NIAGARA FALLS, N.Y. — The superintendent of the Niagara Falls City School District wants to update the district's health and sex education programs. Thursday, the public weighed-in on his proposal.
Right now, the district teaches abstinence-only sex education.
"I think we're meeting kids in the situation where it's at. So, I don't think that it's a revolutionary idea. I think it's an idea that's time has come," said superintendent Mark Laurrie.
Laurrie says the abstinence-only sex education approach is not working. He points to stats from the New York State Department of Health which show teen pregnancy rates in some parts of Niagara Falls are double the state average.
"While you may see slight declines in the pregnancy rates, we're starting from a very high number, and that has to be decreased, and I don't think we as a district have done enough to educate kids to make that happen," Laurrie said.

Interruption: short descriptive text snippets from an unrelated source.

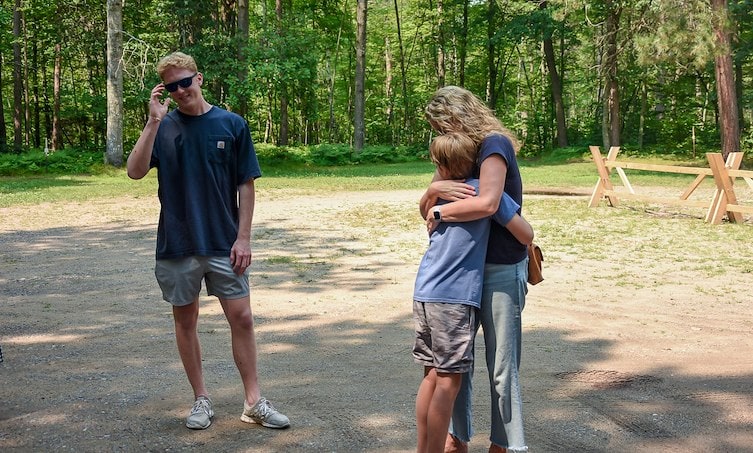 A man and woman hugging a child
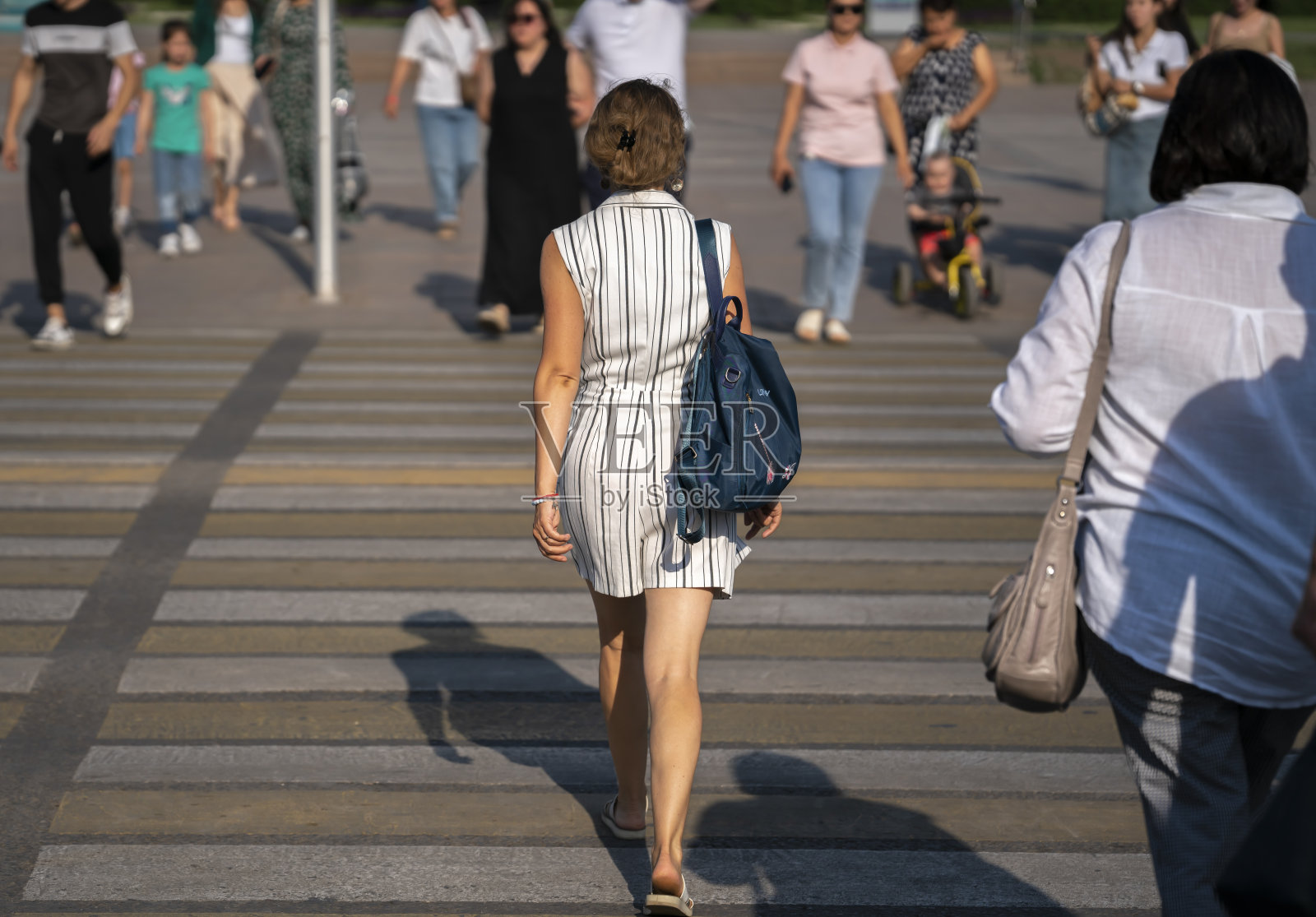 一位年轻的金发女子在市中心的人行横道上过马路。照片摄影图片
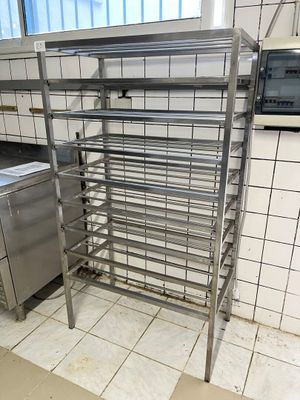 une étagère métallique au milieu d'une cuisine, avec un micro-ondes en arrière-plan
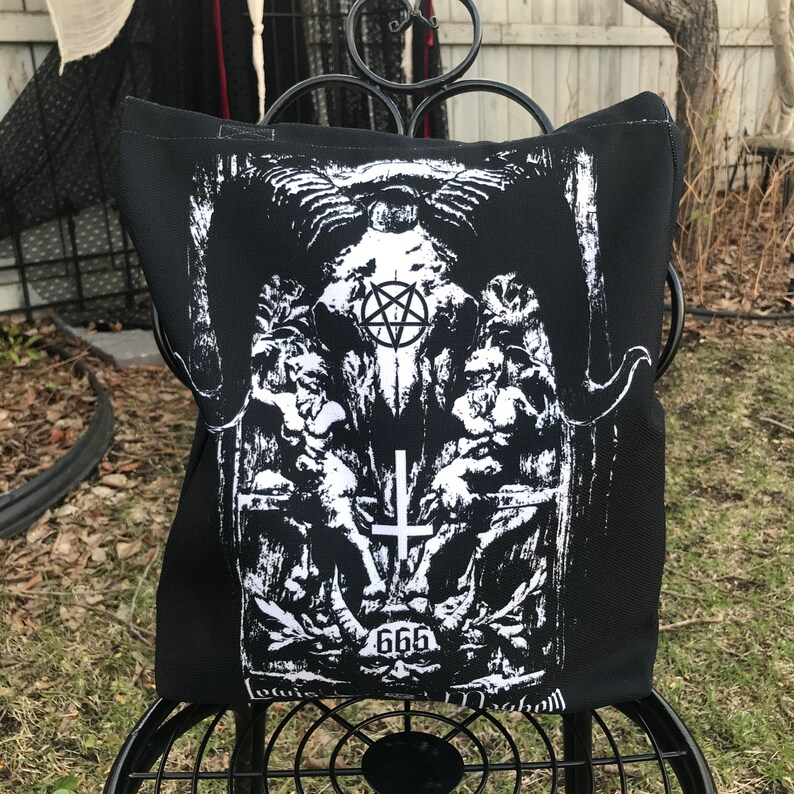 May include: Black tote bag with a white graphic print of a skull with a pentagram, a cross, and the number 666. The graphic is surrounded by a floral design.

Ten out of the 11 speakers support Laurrie's proposal.
"I've seen groups of girls on the elevator together pregnant. And I've seen, I've met many boys who have turned out to be fathers. I know too many students with children than is ever acceptable," said Niagara Falls High School Senior Olivia Adams.
The superintendent's proposal is a comprehensive health education program. It includes everything from teaching kids how to take care of their bodies, to proper dental care, and sexual education. The district would partner with independent groups like the Community Health Care Center, which would park its mobile unit at the high school to give students access to health care, dental care, and contraceptives. Native American Services and Planned Parenthood could also be involved.
Only one speaker opposed Laurrie's plan.
"Anybody who is connected with Planned Parenthood is connected with each and every act that Planned Parenthood does," Gary Boisclair said.
"I do think it's a school issue. Why is it a school issue? Because our graduation rate is not where it should be, and I think that this isn't the panacea to move that graduation rate, but it's certainly going to move the needle in my opinion," Laurrie said.
The school board is expected to vote on the final proposal next month. If approved, the new programs would roll out in February or March.